Most everyone has heard of the term ‘ley line’. Coined by the English inventor and businessman Alfred Watkins in 1921, it refers to alignments of ancient landscape features which, Watkins theorised, originally served as markers for straight Neolithic trading routes, laid out by line-of-sight across Britain.
Alfred’s son and biographer Allen Watkins describes the occasion of his father’s initial revelation:
[quote]“The actual discovery was made on 30 June 1921, and it all came about in this way. A chance visit to Blackwardine caused him to look at the map for features of interest; he had no particular object in mind, but was just having a look around. He noticed that on the map a straight line that passed over hilltops through various points of interest and these points were all ancient. Then without any warning it all happened suddenly. His mind was filled with a rush of images forming one coherent plan. The scales fell from his eyes and he saw that over many long years of prehistory, all track-ways were in straight lines marked out by experts in a sighting system. The whole plan of the Old Straight Track stood suddenly revealed.”[/quote]
The concept enjoyed a revival in the 1960s, taking on a layer of mystical interpretation as a conduit of spiritual energy in the hands of John Michell, who pretty much launched the Earth Mysteries movement with his book The View Over Atlantis.
While the ley line concept (in either form) has been rejected by the scientific community, it remains firmly entrenched in popular culture, and the Society of Ley Hunters, the inheritors of Watkins’ Straight Track Club, maintains an active interest in the subject.
To this end, the Society intends to erect a memorial-cum-mark-stone at the site of Watkins’ ‘Eureka’ moment, adjacent to the crossroads at Blackwardine.
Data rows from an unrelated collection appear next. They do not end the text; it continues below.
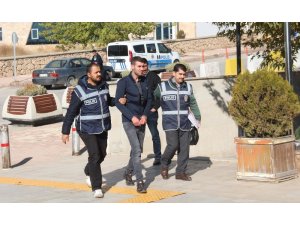 Yaşlıları ATM önünde dolandıran şüpheli bu kez tutuklandı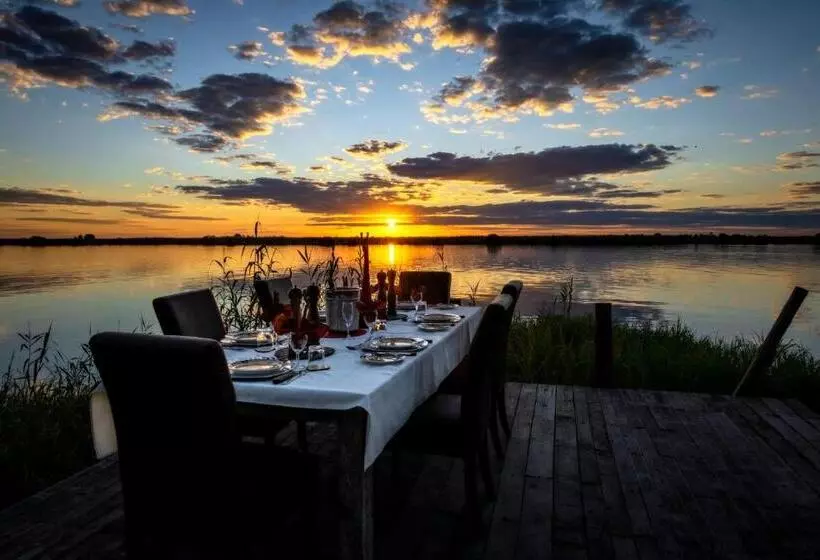 هتل Chobe River Lodge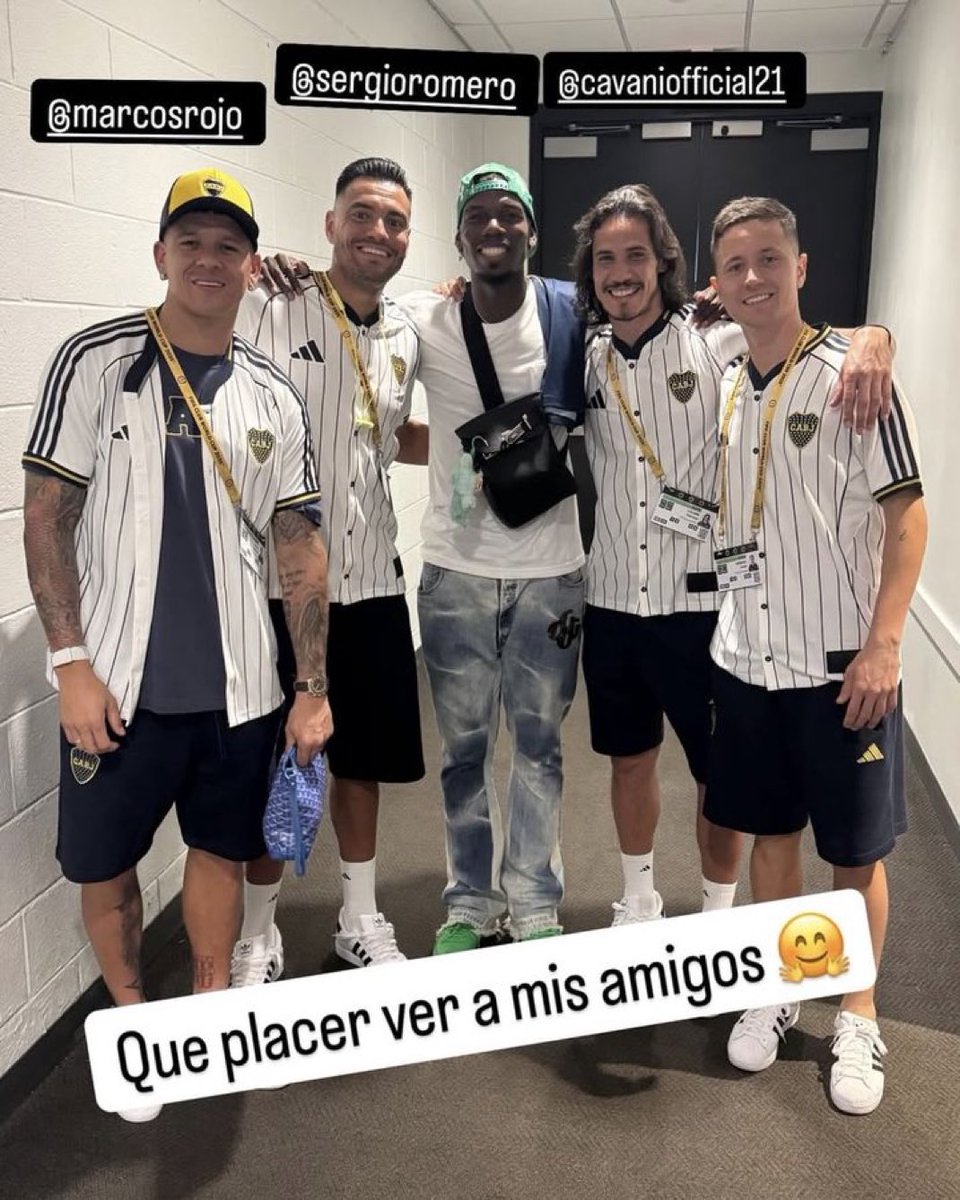 THE REUNION 🥺❤️

Dari barisan para mantan ini, siapa yg paling berkesan versi lo?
By coincidence the corner of land on which the stone is to be sited is a Natural Burial Ground – The Humber Woodland of Remembrance, whose owners, sharing the Society’s respect for Alfred Watkins, have enthusiastically donated plots for the plan.
The stone, approximately six feet high and of natural local stone, will include a sighting hole, visually aligned upon the sites of the Blackwardine Ley, and will be accompanied by an inscribed tablet as well as two previously-planted, aligned, Scots Pines.
The Society needs only £1400 to complete the memorial and is currently seeking donations on their website. Donors names will be listed, if they so wish, in a special book commemorating the memorial.